Line by line, repeat the material below exactly and leave the images out.

══ Given data

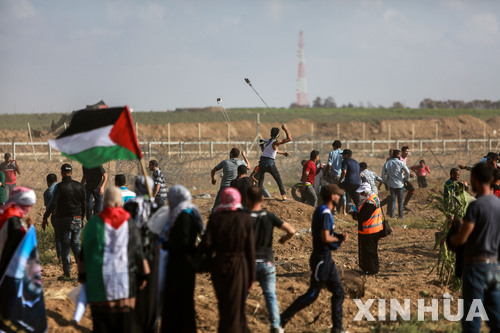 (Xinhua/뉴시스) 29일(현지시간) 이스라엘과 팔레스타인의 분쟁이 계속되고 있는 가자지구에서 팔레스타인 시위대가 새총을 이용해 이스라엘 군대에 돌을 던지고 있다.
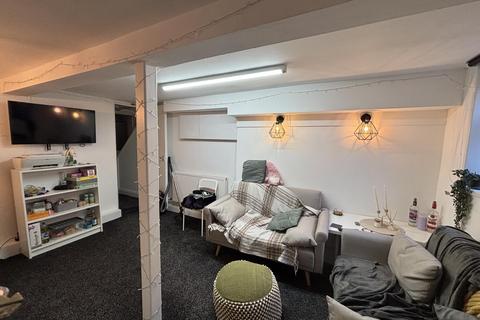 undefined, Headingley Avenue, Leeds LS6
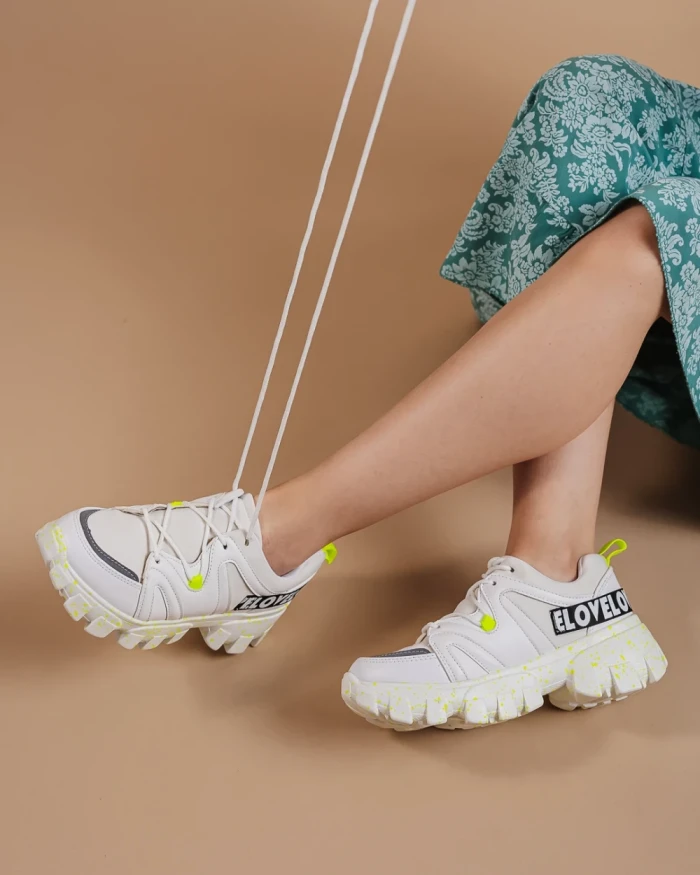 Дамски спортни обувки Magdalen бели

════

• Exercise output
 (Xinhua/뉴시스) 29일(현지시간) 이스라엘과 팔레스타인의 분쟁이 계속되고 있는 가자지구에서 팔레스타인 시위대가 새총을 이용해 이스라엘 군대에 돌을 던지고 있다.
 undefined, Headingley Avenue, Leeds LS6
 Дамски спортни обувки Magdalen бели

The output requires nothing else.